Spam Overload
Over the last week or so, I have received an enormous amount of scam, but no matter how many times I "train" the filter, it doesn't work.
I have just received another 3 from this site: mid:02guhjkj6-ABMcSHN6Or-JiC-000000@eu-central-1.amazonses.com, which claim to be from Madasafish Security>security@qi9adgongzenElptrum.de
I have tried on several occasions to follow the manual instructions how to deal with the spam, but I find it so log-winded that my non-techie brain, which is not wired for these kind of things, gets tired and I give up. If anyone has a more intuitive approach how to deal with this, I would be very appreciative. I have marked sites multiple times as spam, but the spam control ignores me!
All Replies (5)
Have you read the support documentation on spam? https://support.mozilla.org/en-US/kb/thunderbird-and-junk-spam-messages
The sender is not a consideration in determining if something is spam.
Thanks Matt,
I've followed the instructions from your link, so I'm hoping that by tomrrow I will see a reduction in the spam sent me.
Improved?
Thanks Matt and Wayne,
It has improved somewhat , but all of a sudden I am now having spam from random sites under the guise of madasafish such as, sales@shakleeacademy.my saying my google one storage is full and asking to subscribe.

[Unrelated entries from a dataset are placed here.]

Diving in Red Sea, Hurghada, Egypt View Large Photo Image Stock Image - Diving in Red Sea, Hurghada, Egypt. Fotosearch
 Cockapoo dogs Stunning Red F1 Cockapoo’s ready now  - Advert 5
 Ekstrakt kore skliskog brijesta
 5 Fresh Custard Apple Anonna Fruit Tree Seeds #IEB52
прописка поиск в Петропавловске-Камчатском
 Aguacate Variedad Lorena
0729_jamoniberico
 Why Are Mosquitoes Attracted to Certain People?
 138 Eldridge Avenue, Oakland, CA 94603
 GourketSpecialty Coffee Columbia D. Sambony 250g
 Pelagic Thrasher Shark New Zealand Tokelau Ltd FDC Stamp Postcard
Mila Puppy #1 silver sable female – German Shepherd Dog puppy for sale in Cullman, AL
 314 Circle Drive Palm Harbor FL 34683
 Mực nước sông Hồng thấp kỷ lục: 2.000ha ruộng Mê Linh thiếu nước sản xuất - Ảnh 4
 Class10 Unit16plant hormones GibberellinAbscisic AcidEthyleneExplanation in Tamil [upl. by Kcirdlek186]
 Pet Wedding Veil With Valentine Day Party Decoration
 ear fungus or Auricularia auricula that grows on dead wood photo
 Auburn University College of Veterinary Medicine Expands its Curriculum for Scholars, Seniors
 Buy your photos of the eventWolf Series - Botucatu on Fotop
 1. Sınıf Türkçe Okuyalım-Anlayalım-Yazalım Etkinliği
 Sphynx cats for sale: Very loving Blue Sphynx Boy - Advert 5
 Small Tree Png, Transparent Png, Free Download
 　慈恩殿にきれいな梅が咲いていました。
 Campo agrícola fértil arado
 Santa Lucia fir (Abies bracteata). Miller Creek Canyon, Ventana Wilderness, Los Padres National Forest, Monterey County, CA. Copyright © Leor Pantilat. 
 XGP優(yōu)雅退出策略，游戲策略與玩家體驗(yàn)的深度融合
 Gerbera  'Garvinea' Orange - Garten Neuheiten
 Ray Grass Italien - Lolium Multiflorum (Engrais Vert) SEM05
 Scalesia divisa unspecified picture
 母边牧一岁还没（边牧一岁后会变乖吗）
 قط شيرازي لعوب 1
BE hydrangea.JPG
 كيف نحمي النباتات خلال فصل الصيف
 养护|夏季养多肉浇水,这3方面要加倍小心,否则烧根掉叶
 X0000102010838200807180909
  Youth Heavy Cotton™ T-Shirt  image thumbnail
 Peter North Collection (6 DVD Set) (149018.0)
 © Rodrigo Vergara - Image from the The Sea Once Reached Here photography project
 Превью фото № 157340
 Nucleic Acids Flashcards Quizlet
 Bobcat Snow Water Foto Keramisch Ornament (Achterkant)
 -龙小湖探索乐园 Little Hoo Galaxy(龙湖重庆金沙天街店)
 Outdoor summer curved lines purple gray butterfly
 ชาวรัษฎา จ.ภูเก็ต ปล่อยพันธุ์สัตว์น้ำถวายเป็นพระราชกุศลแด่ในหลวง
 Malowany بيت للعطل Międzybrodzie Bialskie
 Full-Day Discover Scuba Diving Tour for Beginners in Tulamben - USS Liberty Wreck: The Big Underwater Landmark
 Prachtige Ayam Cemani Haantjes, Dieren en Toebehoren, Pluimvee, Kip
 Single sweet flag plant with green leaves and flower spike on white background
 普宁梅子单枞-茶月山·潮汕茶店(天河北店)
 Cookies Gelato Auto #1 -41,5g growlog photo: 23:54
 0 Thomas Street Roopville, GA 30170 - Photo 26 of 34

My perception: Thunderbird does a good job, as evidenced that you reduced the assault. But spam-management is not email management, and there are dedicated products to do that, such as mailwasher (which I use and it eliminated the issue. Ain't free, but it works.) and others. You could also create a few filters for problems. For example, what you shared had a domain suffix of.mv. You could create a filter to eliminate emails with domain suffixes other than the ones you consider legitimate. It's work, I agree.